Data -
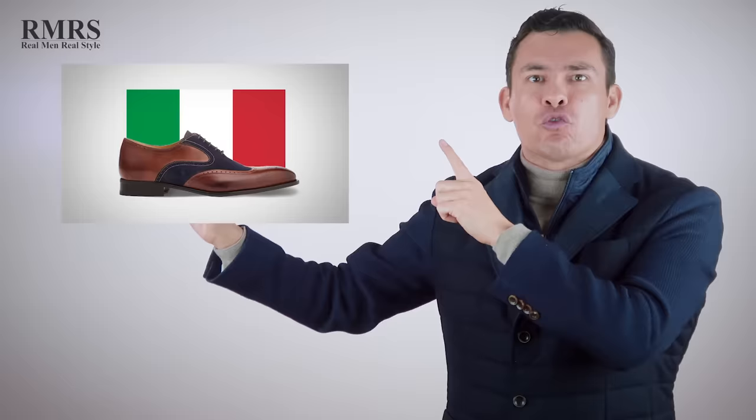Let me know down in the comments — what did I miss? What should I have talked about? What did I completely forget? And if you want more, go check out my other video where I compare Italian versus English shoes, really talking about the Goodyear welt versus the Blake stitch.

---

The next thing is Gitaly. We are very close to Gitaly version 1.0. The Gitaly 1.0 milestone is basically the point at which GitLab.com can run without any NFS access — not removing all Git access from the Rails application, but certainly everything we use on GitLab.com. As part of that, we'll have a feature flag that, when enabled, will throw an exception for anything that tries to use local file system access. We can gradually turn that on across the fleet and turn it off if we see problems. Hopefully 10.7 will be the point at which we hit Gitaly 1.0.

==

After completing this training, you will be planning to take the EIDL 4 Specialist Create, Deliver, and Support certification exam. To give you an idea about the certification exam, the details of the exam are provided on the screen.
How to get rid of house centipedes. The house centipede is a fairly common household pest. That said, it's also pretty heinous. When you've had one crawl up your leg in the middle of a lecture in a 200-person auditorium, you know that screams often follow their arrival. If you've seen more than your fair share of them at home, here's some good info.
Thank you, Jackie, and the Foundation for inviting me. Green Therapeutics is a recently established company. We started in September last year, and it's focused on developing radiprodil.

Task - Across the entries above, find each line with the word "will" and please copy it out.

Final answer -
The next thing is Gitaly. We are very close to Gitaly version 1.0. The Gitaly 1.0 milestone is basically the point at which GitLab.com can run without any NFS access — not removing all Git access from the Rails application, but certainly everything we use on GitLab.com. As part of that, we'll have a feature flag that, when enabled, will throw an exception for anything that tries to use local file system access. We can gradually turn that on across the fleet and turn it off if we see problems. Hopefully 10.7 will be the point at which we hit Gitaly 1.0.
After completing this training, you will be planning to take the EIDL 4 Specialist Create, Deliver, and Support certification exam. To give you an idea about the certification exam, the details of the exam are provided on the screen.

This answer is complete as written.